Low-cost truck tire imports, particularly those from China, have cut into domestic new-tire sales over the past five years. But they’ve had an even more dramatic effect on the U.S. retread tire industry.
Due to many Asian imports coming into the market that can compete with the cost of retreads, “over the last two years, we’re seeing a huge drop in semi tires being retreaded,” said Gary Champlin, general manager of Kansas-based Champlin Tire Recycling.
He estimates that, nationally, retreading is down 20-25% over the last two years. “In our shop, it’s even greater than that,” Champlin said.
A pre-cured retread is applied to a tire casing. (TT File Photo)

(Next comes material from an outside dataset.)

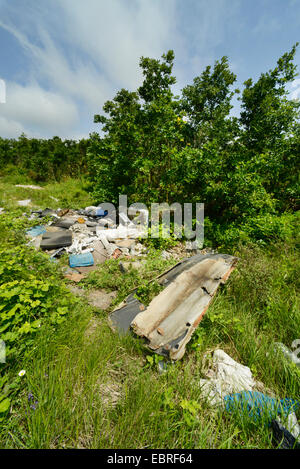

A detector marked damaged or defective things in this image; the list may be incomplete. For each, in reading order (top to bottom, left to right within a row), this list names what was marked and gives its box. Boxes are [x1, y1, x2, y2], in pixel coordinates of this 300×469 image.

rusty metal sheet [132, 252, 238, 358]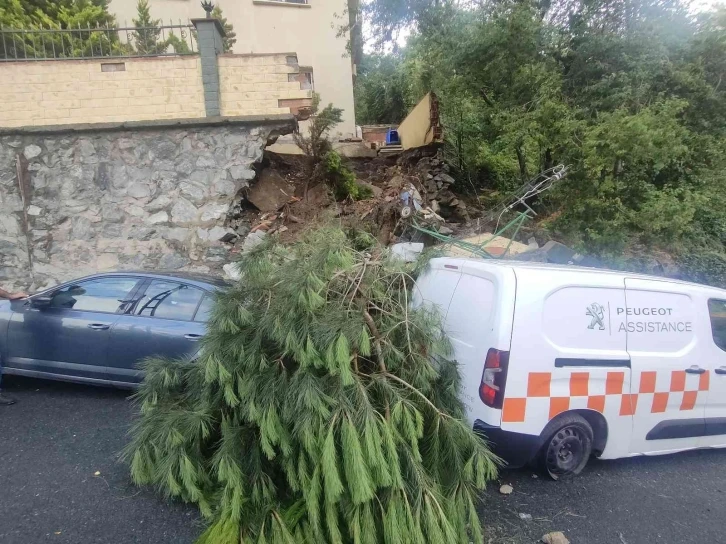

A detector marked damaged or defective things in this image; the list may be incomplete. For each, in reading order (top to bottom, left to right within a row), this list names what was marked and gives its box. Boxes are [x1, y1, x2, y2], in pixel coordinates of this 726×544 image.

broken concrete slab [247, 170, 296, 212]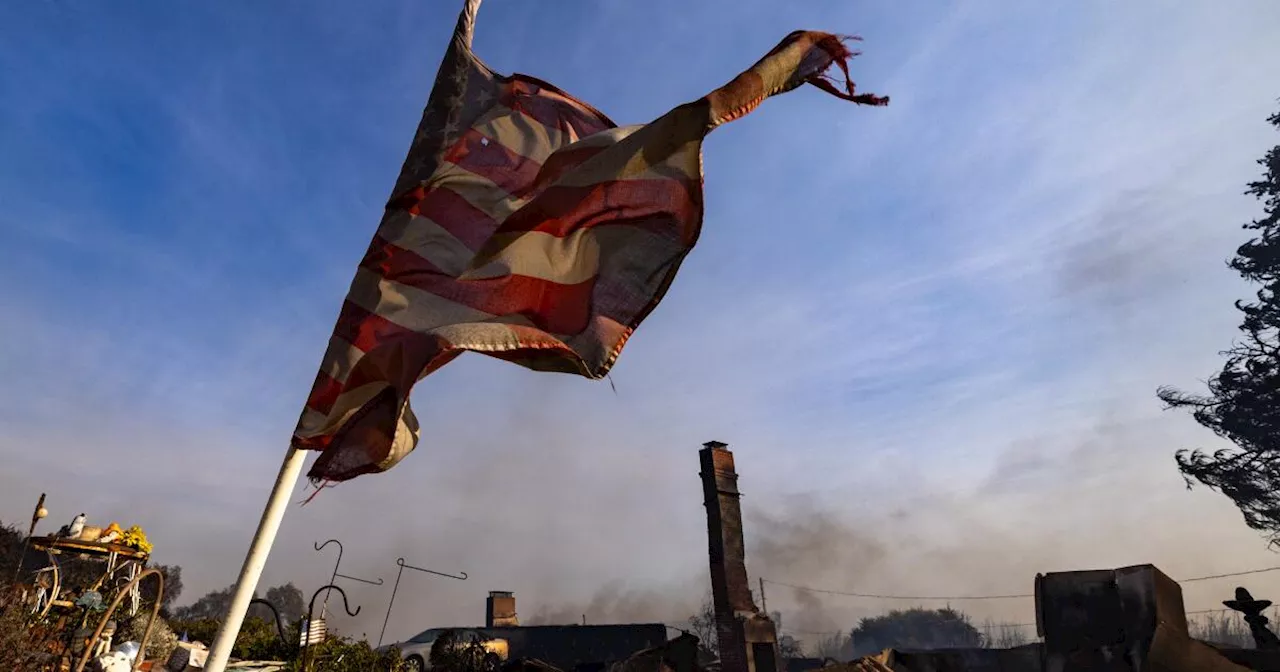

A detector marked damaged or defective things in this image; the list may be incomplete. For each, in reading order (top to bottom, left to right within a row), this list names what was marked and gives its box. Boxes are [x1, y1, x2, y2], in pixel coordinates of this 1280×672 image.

Low-cost, new-tire imports provide carriers with a price that averages one-third to one-half the cost of premium tires, which puts them squarely in the retread price range.
“The price of these Chinese tires is even less than the price of retreaded premium and budget tires,” said Marshall Martin, senior research analyst for automotive and transportation at Frost & Sullivan.
Pennsylvania-based PGT Trucking, which occasionally uses retreads on its tandem-axle trailers, recently was approached by a salesperson for a Chinese company new to the U.S. market. PGT was offered “a brand new virgin tire pretty much at the same price as a recap,” said Larry Cox, director of process improvement.
Initially, the offer seemed appealing, but Cox found holes in the company’s business model and reverted to his belief about tire quality. “Buying ‘cheap tires’ is not in our [best] interest,” he said.
Cox said that buying quality tires — either new or retreaded — from a reputable distributor means that a customer is buying product and service, and is supported by nationwide networks of repair shops, distributors and road service assistance. “That service is important to a trucking company,” he said.
Meanwhile, the retread industry has fought negative perceptions that have carried over from quality concerns in decades past. Largely, it has overcome those perceptions and the operational and manufacturing issues that caused them, as evidenced by the growing number of fleets that use retreads on at least some of their trucks. The negative perceptions of quality, in many instances, now have shifted to the low-cost new tires manufactured by China-based companies.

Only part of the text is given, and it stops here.